■ RECORD EXTRACTS
★ ★ ★ ★ ★
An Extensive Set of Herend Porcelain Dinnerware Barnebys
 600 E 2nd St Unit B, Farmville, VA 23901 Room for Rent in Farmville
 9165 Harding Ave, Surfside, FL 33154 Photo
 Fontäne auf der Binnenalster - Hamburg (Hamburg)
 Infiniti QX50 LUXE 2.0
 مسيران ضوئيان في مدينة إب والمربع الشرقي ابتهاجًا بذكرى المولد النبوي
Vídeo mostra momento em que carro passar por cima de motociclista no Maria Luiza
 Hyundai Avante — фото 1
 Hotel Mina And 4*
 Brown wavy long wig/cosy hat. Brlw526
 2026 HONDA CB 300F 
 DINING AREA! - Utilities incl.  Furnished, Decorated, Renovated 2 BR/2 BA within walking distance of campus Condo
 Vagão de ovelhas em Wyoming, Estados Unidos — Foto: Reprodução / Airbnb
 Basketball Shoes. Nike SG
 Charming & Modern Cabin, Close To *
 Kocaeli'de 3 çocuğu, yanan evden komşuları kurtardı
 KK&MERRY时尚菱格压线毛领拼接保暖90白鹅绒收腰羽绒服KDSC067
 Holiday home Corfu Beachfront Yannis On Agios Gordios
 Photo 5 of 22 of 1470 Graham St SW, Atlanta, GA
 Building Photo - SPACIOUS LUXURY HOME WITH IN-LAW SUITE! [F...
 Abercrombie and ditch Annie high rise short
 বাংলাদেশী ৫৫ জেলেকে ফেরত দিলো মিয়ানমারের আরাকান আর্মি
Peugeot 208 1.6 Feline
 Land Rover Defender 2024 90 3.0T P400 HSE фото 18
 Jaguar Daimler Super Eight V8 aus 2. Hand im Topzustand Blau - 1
★ ★ ★ ★ ★
Restate the line containing "Building Photo - SPACIOUS" and every remaining line of the records word for word. Add nothing.

■ RESPONSE TO THE EXERCISE
 Building Photo - SPACIOUS LUXURY HOME WITH IN-LAW SUITE! [F...
 Abercrombie and ditch Annie high rise short
 বাংলাদেশী ৫৫ জেলেকে ফেরত দিলো মিয়ানমারের আরাকান আর্মি
Peugeot 208 1.6 Feline
 Land Rover Defender 2024 90 3.0T P400 HSE фото 18
 Jaguar Daimler Super Eight V8 aus 2. Hand im Topzustand Blau - 1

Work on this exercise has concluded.